In the survey of 150 of the 2,200-strong Tech London Advocates network of tech experts, business leaders and investors across London and from around the world, nearly half (48 percent) of those surveyed thought the city’s technology community was more diverse than San Francisco’s digital workforce.

Despite the global reputation of Silicon Valley, a third (33 percent) of London’s technology community believe it is now easier to recruit international digital talent to the British capital than the Bay Area. Whilst 42 percent predict San Francisco will remain the dominant location for digital talent, the growth of London’s technology sector is having an impact on international recruitment.

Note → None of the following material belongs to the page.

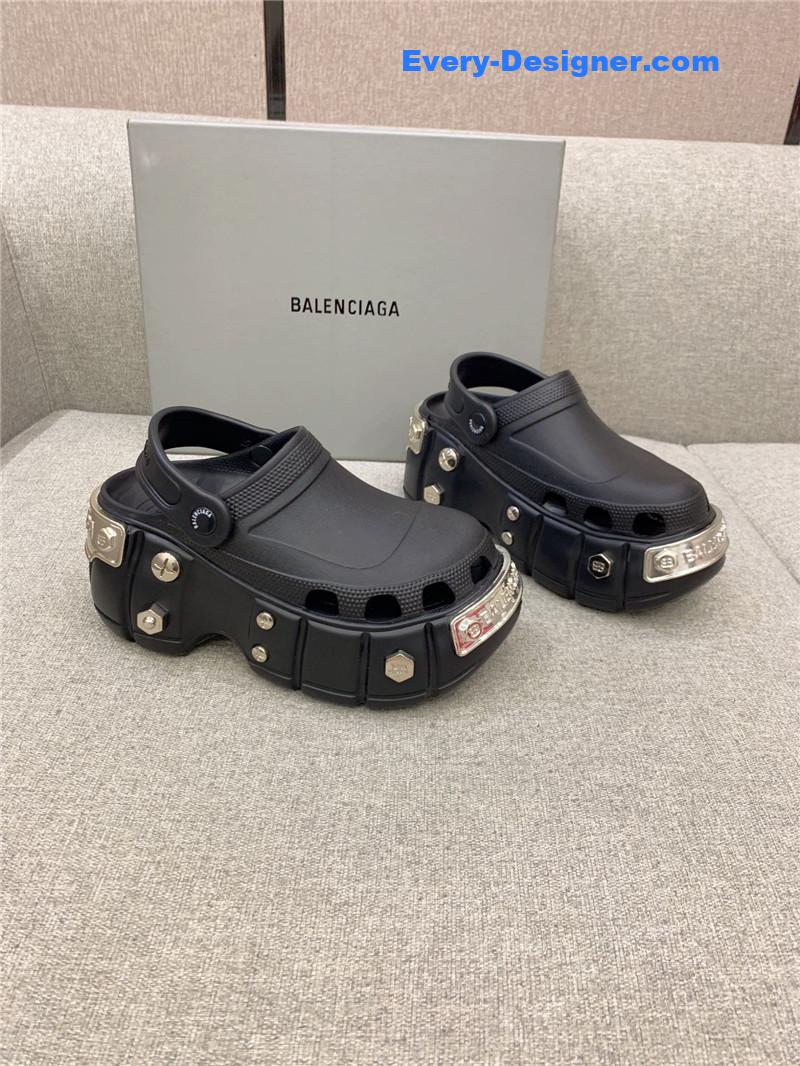 ba1en*iaga x Cr0c5 platform clogs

Russ Shaw, founder of Tech London Advocates (TLA), said, “The Bay Area [Silicon Valley] will always remain the global home of technology, but it is impossible to ignore the recent success of London’s tech hub. The creativity and diversity of London’s workforce is driving innovation and attracting talent, which may surprise many in Silicon Valley.”

He also draws on his experience of building the TLA network during 2015 in various major tech centers around the world. In an op-ed in CityAM, he comments, “This year I have attended and hosted events in Bangalore, Copenhagen, Berlin and New York all with a single purpose – to celebrate London’s thriving digital sector. Speaking to technology professionals abroad it is clear that London’s reputation is built on innovation, cultural openness and diversity.”

He adds that London’s diversity sparks ideas, welcomes new thinking and encourages competition. It is the perfect environment for the digital industry and has led to some of the most exciting tech startups in Europe. “In the growing global demand for digital skills and talent, a reputation for diversity must be nurtured. For years we have been struggling to find ways of competing with San Francisco’s digital dominance. Maybe the answer has been here all along.”

He added that the UK’s education system was central to the country’s ability to draw in international talent. However he also said that serious problems remained around immigration legislation, the cost and availability of housing and offices and the looming threat of the UK’s exit from Europe.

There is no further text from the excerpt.